Shortly after the statue, turn up to the left.  Ahead is a large pool/fountain--another, somewhat earlier Fascist-era monument.














Perhaps its outstanding feature is the amphorae that decorate it--symbols of ancient Rome, when clay vessels of this kind were used to transport oil and other commodities.  The smaller fountains at the sides of the larger ones are of interest as well.  Above each of them is the letter "A" [for Anno, year] and the number VI [the sixth year of Fascism, or 1928].
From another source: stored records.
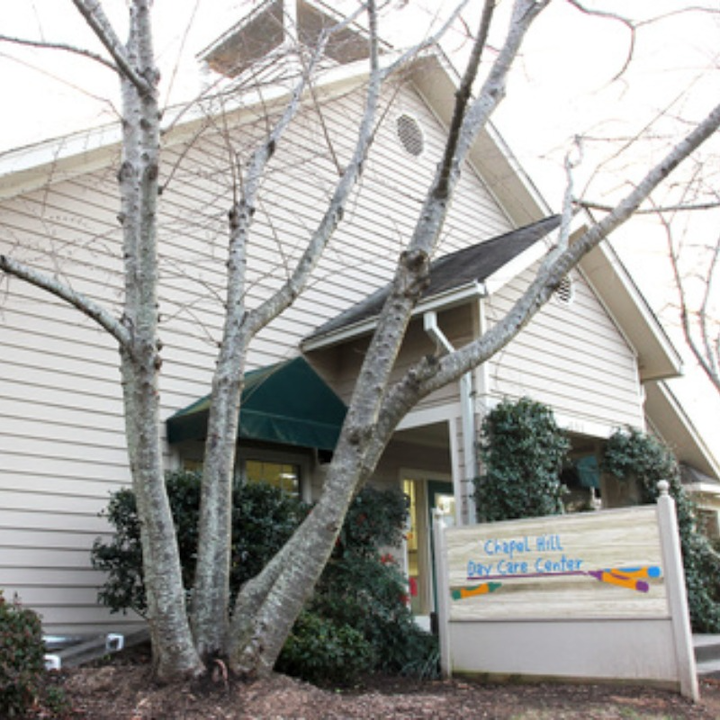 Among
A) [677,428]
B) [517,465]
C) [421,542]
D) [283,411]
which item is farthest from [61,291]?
[677,428]

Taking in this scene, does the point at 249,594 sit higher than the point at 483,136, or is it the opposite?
the point at 483,136

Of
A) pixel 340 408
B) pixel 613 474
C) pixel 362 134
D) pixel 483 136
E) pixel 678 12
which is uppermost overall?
pixel 483 136

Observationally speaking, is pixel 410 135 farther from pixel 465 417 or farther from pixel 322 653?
pixel 322 653

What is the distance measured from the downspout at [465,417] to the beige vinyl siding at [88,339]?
15.9 inches

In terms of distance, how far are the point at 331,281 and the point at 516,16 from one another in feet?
16.4

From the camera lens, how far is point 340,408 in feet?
30.0

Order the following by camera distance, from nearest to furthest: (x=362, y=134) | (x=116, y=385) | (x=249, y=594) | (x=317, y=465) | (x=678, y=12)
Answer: (x=249, y=594) → (x=678, y=12) → (x=362, y=134) → (x=116, y=385) → (x=317, y=465)

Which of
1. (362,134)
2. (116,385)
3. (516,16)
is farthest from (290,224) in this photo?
(516,16)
Beyond the fountain, on a wall to the right, is some intriguing and, we assume, relatively permanent graffiti: Omnia Vincit Amore [sounds to us, who have never studied Latin, like Love Conquers All/Colle Oppio, and in the center a symbol we haven't seen before.  And just ahead, the remains of a substantial and once-elegant complex of ancient Roman baths.  These are what remains of the magnificent, 10,000 square meter Baths of Trajan (Emperor 98-117 AD), designed by the brilliant architect Apollodorus of Damascusa in 109 AD above Nero's famous - or infamous - Golden House (closed/open/closed - we think now truly closed - the conservationists can't seem to prevent its collapse.  Luckily we saw it in its brief open period a few years ago). [See Marco's update in the first comment below - there may be hope here.]  There's another piece to your left and back--we'll get there in a moment.






This park has another aspect, one that you may--or may not--appreciate.  It's a gathering and resting place for black immigrants, some of them the itinerant merchants who are ubiquitous in Rome's tourist areas, others, perhaps, unemployed or underemployed.  When we visited in May, the field next to the baths was dotted with sleeping young men.
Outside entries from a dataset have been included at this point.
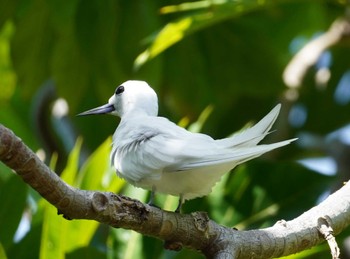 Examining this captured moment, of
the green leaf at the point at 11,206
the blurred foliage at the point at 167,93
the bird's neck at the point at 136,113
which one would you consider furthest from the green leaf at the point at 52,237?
the bird's neck at the point at 136,113

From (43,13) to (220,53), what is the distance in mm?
1147

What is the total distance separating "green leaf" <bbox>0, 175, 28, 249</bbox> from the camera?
408cm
As you move more or less back toward the fountain, and somewhat to the right, you'll find a second set of
ancient bath ruins.  These are more of the Baths of Trajan.  When we last were there, the city had put up some informative placards near the various ruin sites.  Since the baths covered 10,000 square meters and had gyms, saunas, hot and cold rooms, etc., you will find ruins dotting Colle Oppio, which has been called an archaeologist's dream.  No crowds here.
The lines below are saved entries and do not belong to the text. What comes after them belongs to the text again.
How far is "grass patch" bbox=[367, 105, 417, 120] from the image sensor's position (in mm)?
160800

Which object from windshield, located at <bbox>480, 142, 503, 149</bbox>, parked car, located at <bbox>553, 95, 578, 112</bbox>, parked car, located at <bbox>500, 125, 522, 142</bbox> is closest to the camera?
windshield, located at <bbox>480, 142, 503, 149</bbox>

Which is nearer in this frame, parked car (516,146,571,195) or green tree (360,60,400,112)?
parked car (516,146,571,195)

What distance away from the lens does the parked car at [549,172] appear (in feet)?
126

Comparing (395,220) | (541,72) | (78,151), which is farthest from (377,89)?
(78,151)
Next to this piece of the baths is another treasure, from the 1930s: a stone fountain in the modernist style, once elegant but now broken and defaced.  The marble bowl is beautiful, nonetheless.  And the fasces on the side of the fountain are remarkably well preserved.












Two more sights to see.  One is a modest, 2-story building of unknown origins--it could be hundreds of years old, or only a century--fenced in and circled by bushes and trees.  As the sign says, it's the property of the Comune di Roma--the city government--and houses the Centro Anziani "Colle Oppio": a social center for the neighborhood's population of older, retired people--of which Italy has plenty.




Our last stop is a small athletic field, in sight of the Coliseum, where we began our journey.  On our visit it wasn't being used for soccer or any other sport, but rather as a meeting place for the the area's itinerant merchants.  They often carry their wares in blue plastic bags.  On this day, these merchants also hoped to sell umbrellas.  A broader view of the field is at the end of this post.

Bill  


2 comments:

Marco said...

I would like to point out that the Domus Aurea is not "truly closed" and that conservationists aren't unable to prevent its collapse - they have been working on it for the past ten years, and parts of the site will reopen on October 25th. The rest of the works will be finished by 2018.

Here's the link to the restorers' website: http://archeoroma.beniculturali.it/cantieredomusaurea/

And yesterday's article on the Messaggero: http://www.ilmessaggero.it/ROMA/CRONACA/domus_aurea_roma/notizie/934498.shtml

Dianne Bennett and William Graebner said...

Another reader left an email reminding visitors NOT to tour Colle Oppio at dusk or in the evening.